Splinter Cell games are meant to be about sneaking about and timing movements from shadow to shadow. This still happens here, and the game doesn’t even pretend there’s a shade of grey any more. The shadows are a great black line cutting through the light. Perhaps people felt the previous two games were too subtle.
The gadgetry is still there, and Sam Fisher keeps all the same tricks that he did in previous game, and would follow through to Chaos Theory, but the game lacks the amazing level design of the later game, or indeed its relative freedom. This game is the most linear of the trilogy, and marks the point where the Splinter Cell series began to become more like a modern shooter, and less like a stealth game. In other words; this was the moment where Tom Clancy divorced Thief.

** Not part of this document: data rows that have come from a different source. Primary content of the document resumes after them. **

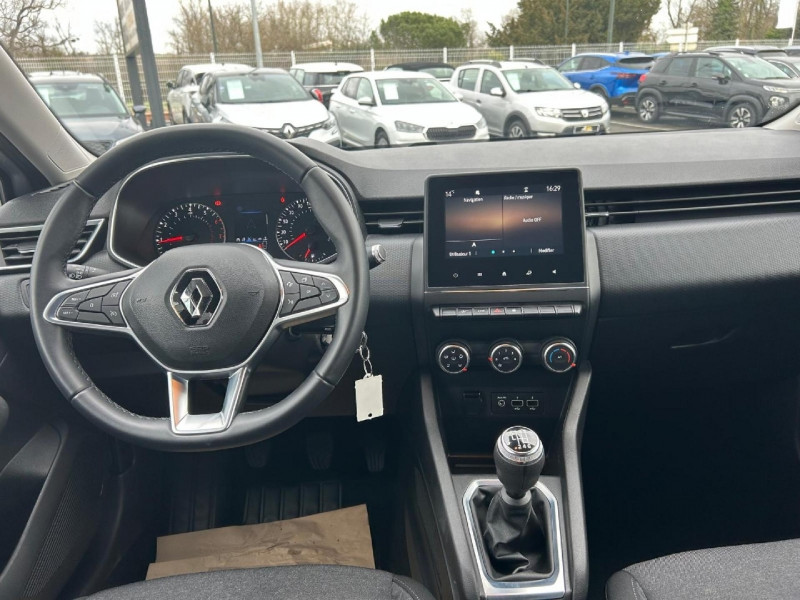 Renault Clio V TCe 90 - 21N Business 2022 - photo n°4 Renault Clio V TCe 90 - 21N Business  occasion à Le Born - photo n°4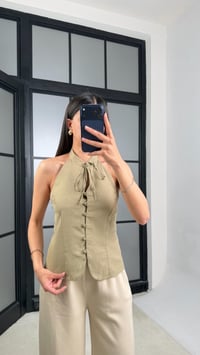 Haki Boyundan Bağlamalı Düğmeli Keten Bluz GAUS-01422GAUSBLUZGAUS-01422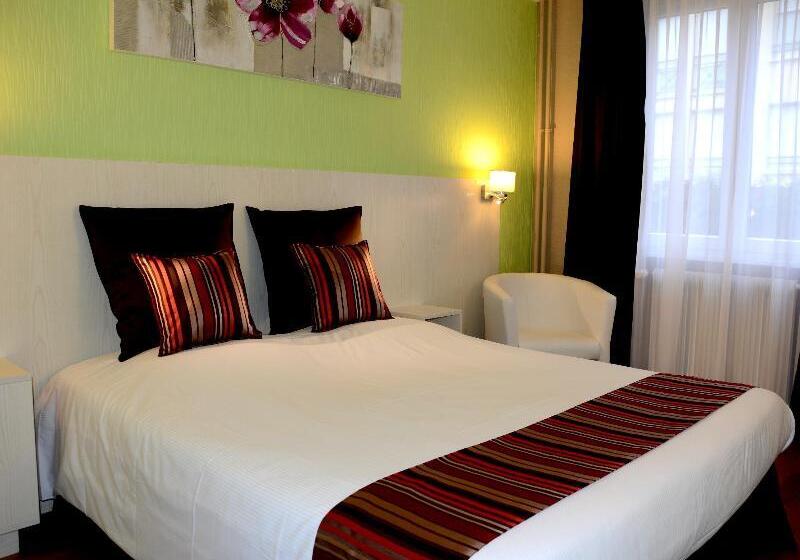 酒店 Logis Hôtel Du Centre   Halte Idéale En Cyclotourisme Avec Garage à Vélos Clos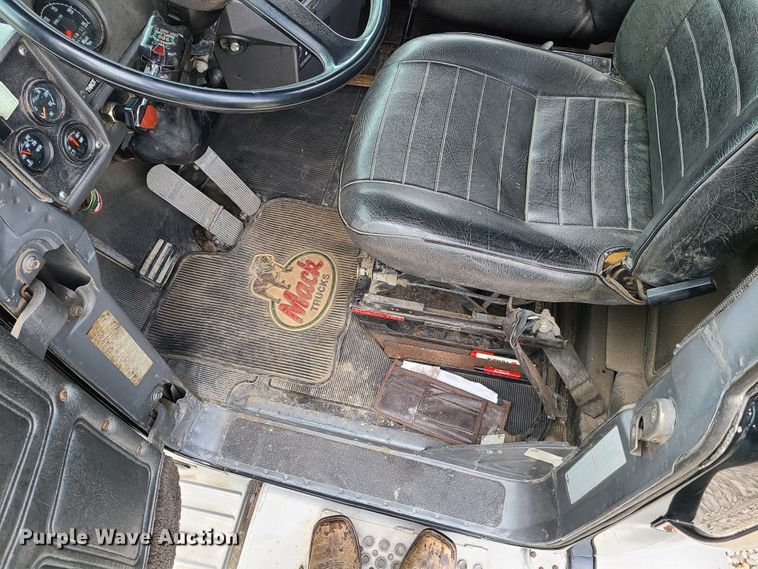 image for item EL9929 1986 Mack R688ST  semi truck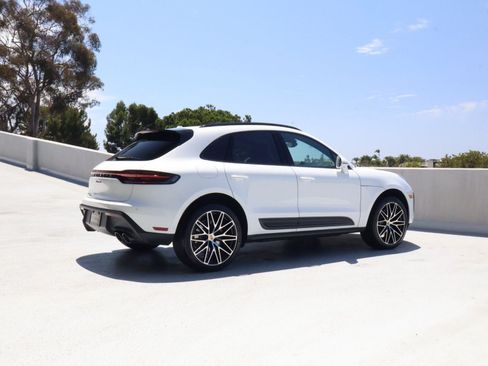 Certified 2026 Porsche Macan AWD/4WD image 8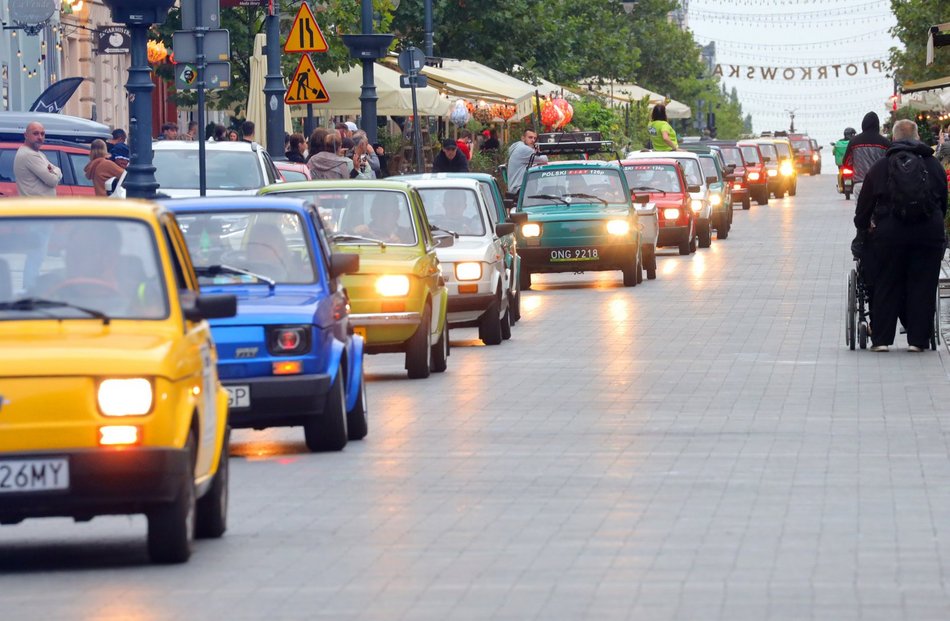 Parada Maluchów w Łodzi 2023. Kolorowe auta przejechały ulicami centrum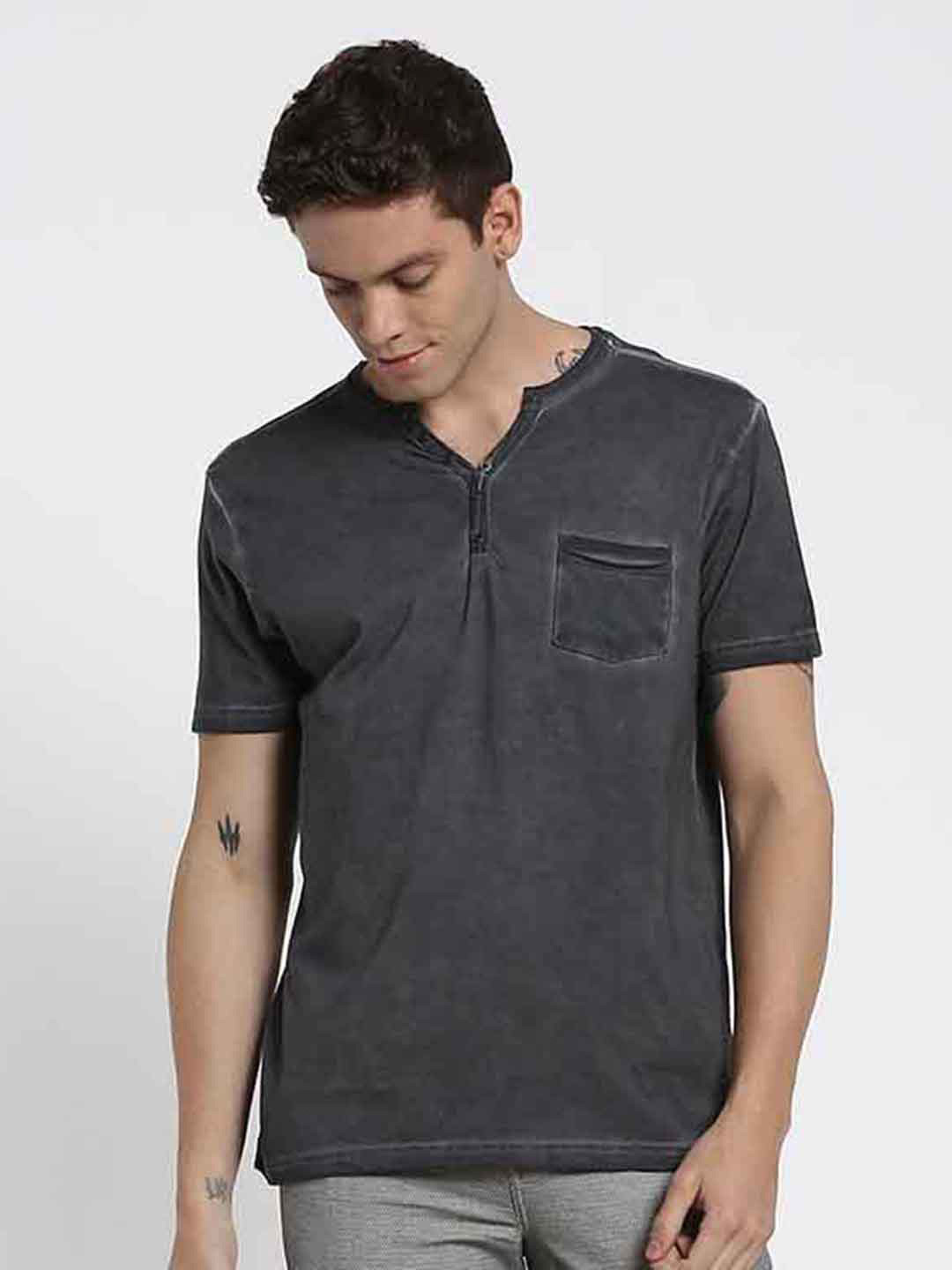 

Red Flame Round Neck Short Sleeves Regular Fit Pockets Cotton Casual T-shirt, Grey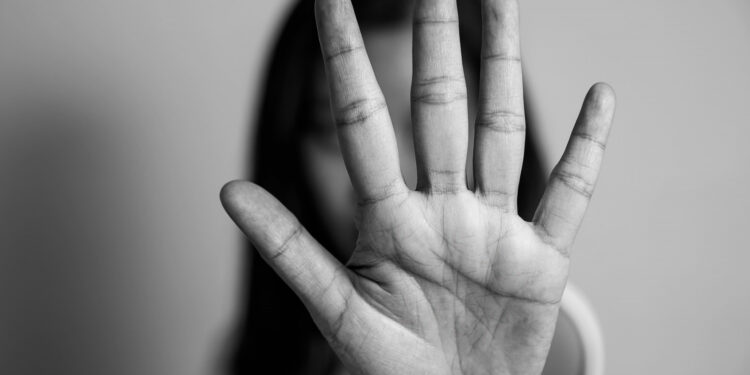 Mulher reage a agressão e é espancada por traficantes em Travessão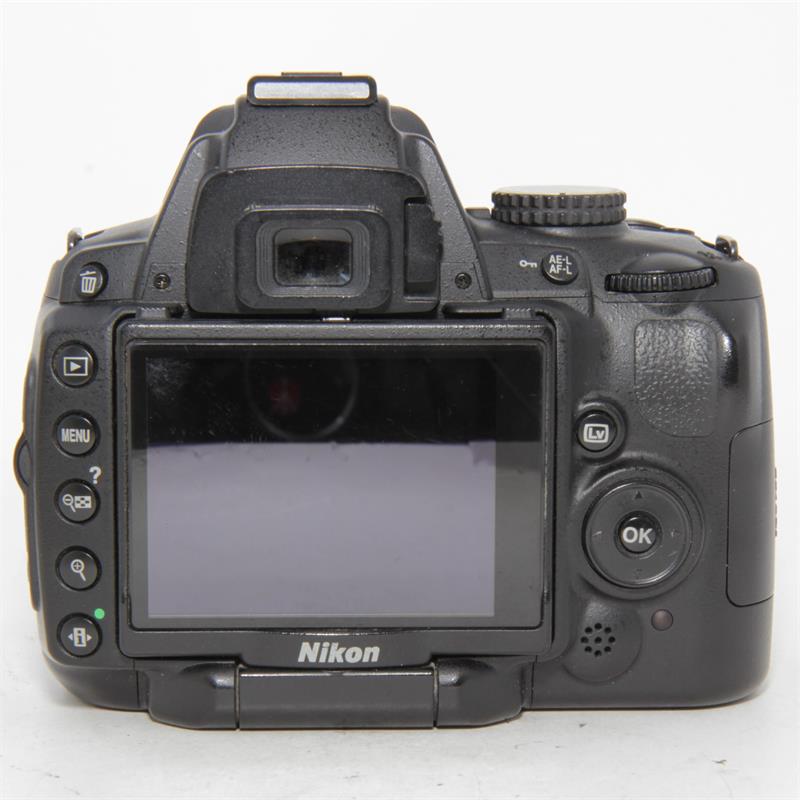 Nikon d5000 body фото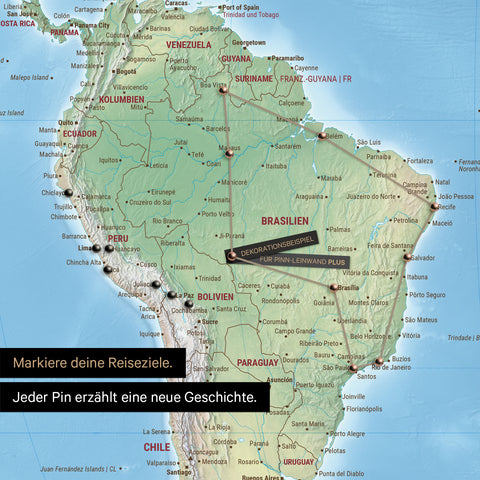 Detail einer physischen Weltkarte in der Equal-Earth-Projektion als Pinn-Leinwand, die eine abgesteckte Reiseroute in Südamerika durch die Länder Brasilien, Peru und Ecuador zeigt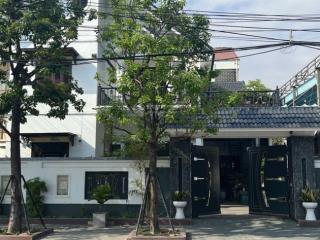 Biệt thự 5 phòng ngủ mặt đường 30m đẹp nhất khu bến do cẩm phả  0976 758 ***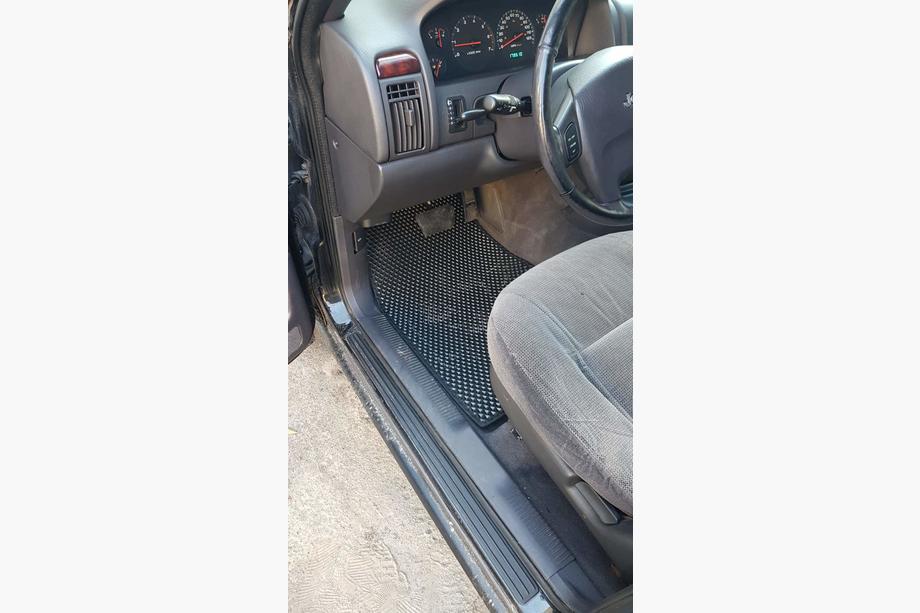 Jeep Grand Cherokee WJ 1999–2004 EVA gulvmåtter (sorte) Image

The plot started to reach too far here, as well. Chaos Theory, and especially the first game in the series, were filled with American gusto and patriotism, as befits a Tom Clancy-branded production, but here the game tries to take more than a few leafs from Chuck Norris’ book. Fisher has been recast as a veritable superhero, and the delivery of cut scenes and dialogue has become filled with forced puns and horrendous over-acting. Thankfully this was toned down after the game (for one sequel, at any rate).
I’m being critical of this game, but it’s not bad, really. It’s still more interesting to play than the corridor arcade shooters that dominate the modern gaming scene, and the HD facelift of this version is impressive indeed. There’s just not the same sense of fulfilment from sneaking around this game.
As such it’s the most miss-able of the three Tom Clancy Splinter Cell rereleases. There’s little point to buying it separately – you might as well pick up Conviction (not a great game, but not much worse than this). That said, buying the three games as one package is still worthwhile since, after finishing Chaos Theory and the original, you can always run through this and really get your money’s worth.